* REQUIRED ACTION:
Below are the entries to work from; restate word for word the portion that opens with the line containing "ヒ*イ様 ☘️しっかり株☘️" and closes with the line containing "Una varietà di alberi con poche foglie", keeping both.

╭─ EXTRACTED ENTRIES

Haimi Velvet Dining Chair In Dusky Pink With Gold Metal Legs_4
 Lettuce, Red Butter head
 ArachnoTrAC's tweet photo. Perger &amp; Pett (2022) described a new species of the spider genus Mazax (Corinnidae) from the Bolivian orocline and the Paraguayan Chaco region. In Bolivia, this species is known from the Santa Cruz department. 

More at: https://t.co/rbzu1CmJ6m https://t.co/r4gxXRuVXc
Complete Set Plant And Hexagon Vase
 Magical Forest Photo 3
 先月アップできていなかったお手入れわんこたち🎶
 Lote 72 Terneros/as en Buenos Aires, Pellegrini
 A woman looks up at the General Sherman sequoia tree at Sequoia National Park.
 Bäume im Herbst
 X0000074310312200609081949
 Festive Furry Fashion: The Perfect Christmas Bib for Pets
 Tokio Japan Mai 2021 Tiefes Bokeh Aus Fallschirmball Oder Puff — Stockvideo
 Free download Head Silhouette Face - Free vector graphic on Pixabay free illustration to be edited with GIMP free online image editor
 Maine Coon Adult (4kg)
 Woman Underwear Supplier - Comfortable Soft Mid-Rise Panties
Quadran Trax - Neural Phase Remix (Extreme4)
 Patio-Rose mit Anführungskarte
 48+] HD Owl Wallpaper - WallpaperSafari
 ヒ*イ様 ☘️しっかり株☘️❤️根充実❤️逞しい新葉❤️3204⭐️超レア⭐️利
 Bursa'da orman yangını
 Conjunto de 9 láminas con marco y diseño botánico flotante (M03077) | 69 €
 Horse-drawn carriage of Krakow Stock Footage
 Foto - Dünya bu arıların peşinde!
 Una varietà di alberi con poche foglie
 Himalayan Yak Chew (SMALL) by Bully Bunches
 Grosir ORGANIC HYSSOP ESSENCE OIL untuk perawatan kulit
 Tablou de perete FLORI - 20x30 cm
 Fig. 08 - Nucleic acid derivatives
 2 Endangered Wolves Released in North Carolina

╰─

* SOLUTION TO THIS PROBLEM:
 ヒ*イ様 ☘️しっかり株☘️❤️根充実❤️逞しい新葉❤️3204⭐️超レア⭐️利
 Bursa'da orman yangını
 Conjunto de 9 láminas con marco y diseño botánico flotante (M03077) | 69 €
 Horse-drawn carriage of Krakow Stock Footage
 Foto - Dünya bu arıların peşinde!
 Una varietà di alberi con poche foglie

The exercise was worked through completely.